→ Recorded data:
★ ★ ★ ★ ★ ★ ★
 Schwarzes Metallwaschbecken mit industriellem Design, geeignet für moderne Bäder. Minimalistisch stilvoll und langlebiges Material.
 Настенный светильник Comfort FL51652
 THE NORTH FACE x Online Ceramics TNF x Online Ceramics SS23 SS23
★ ★ ★ ★ ★ ★ ★
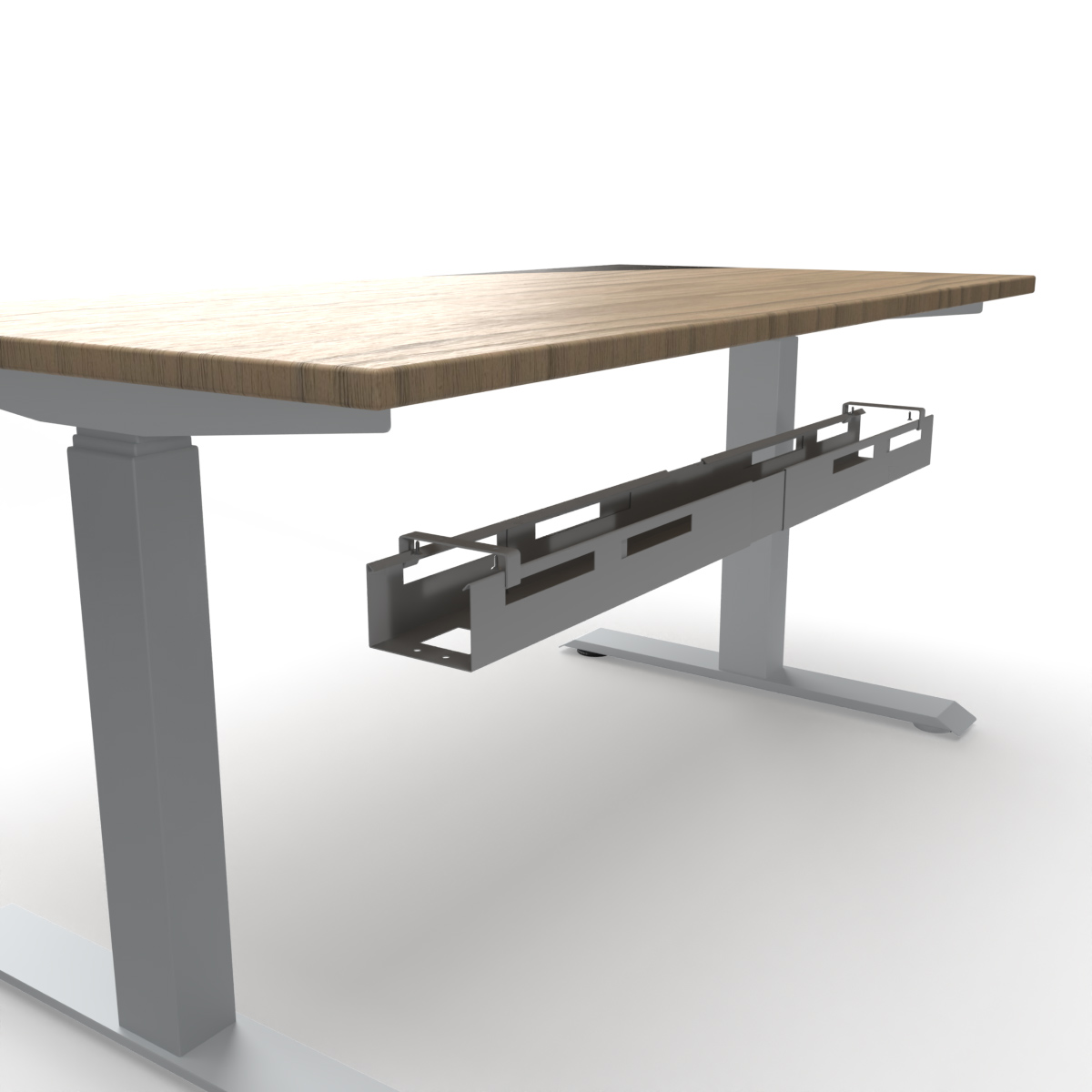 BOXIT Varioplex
★ ★ ★ ★ ★ ★ ★
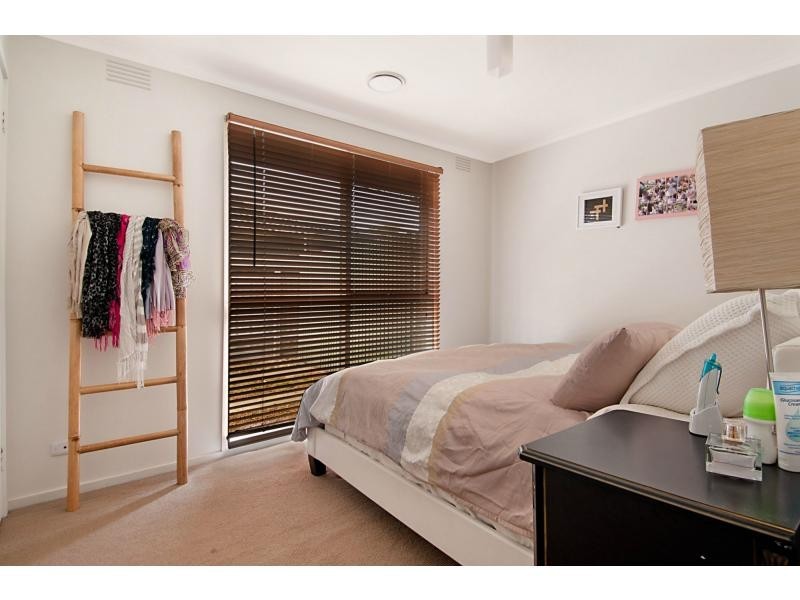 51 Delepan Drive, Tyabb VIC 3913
★ ★ ★ ★ ★ ★ ★
→ Prompt: Give again, word for word, every line of the listing above from the one with "Настенный светильник Comfort FL51652" to the one with "THE NORTH FACE", both inclusive, and nothing beyond them.

→ Task answer:
 Настенный светильник Comfort FL51652
 THE NORTH FACE x Online Ceramics TNF x Online Ceramics SS23 SS23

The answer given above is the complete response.